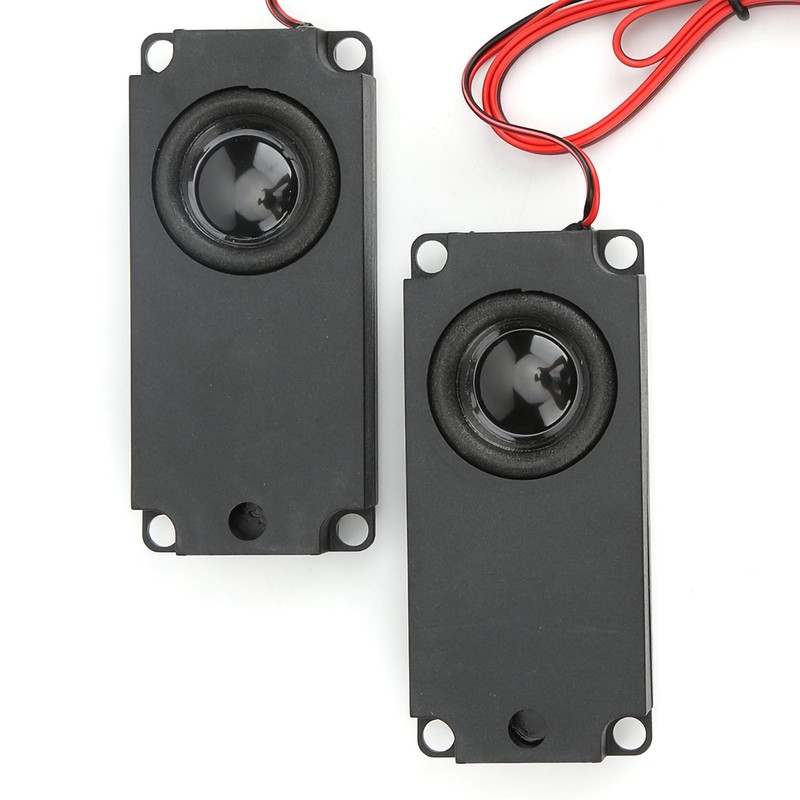 Dilwe Engine Sound Simulator System, Volume with 10 Vehicle Sound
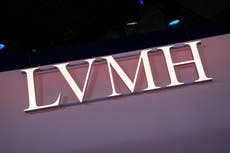 Luxury group LVMH joins top-tier French sponsors of the 2024 Paris Olympics and Paralympics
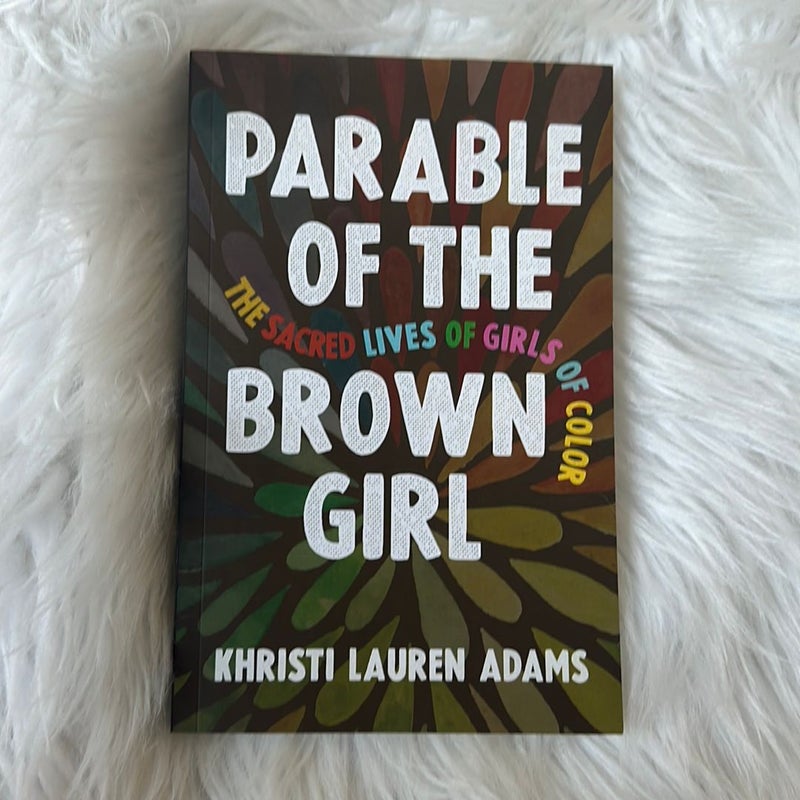 Parable of the Brown Girl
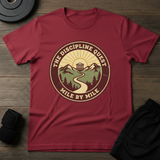 The Discipline QuestT-Shirt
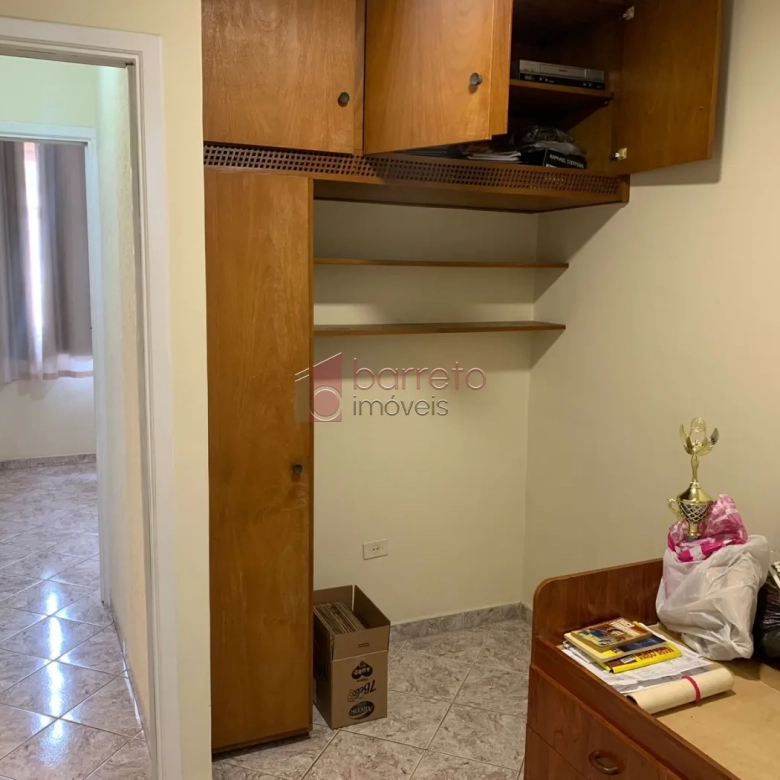 APARTAMENTO PARA VENDA NO CONDOMÍNIO RESIDENCIAL ANHANGUERA – JUNDIAÍ/SP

---*---

_Your goal_
Set down the line containing "Parable of the Brown Girl" and every line after it up to the end of the material, exactly as written, but not the pictures.

_Exercise output_
 Parable of the Brown Girl
 The Discipline QuestT-Shirt
 APARTAMENTO PARA VENDA NO CONDOMÍNIO RESIDENCIAL ANHANGUERA – JUNDIAÍ/SP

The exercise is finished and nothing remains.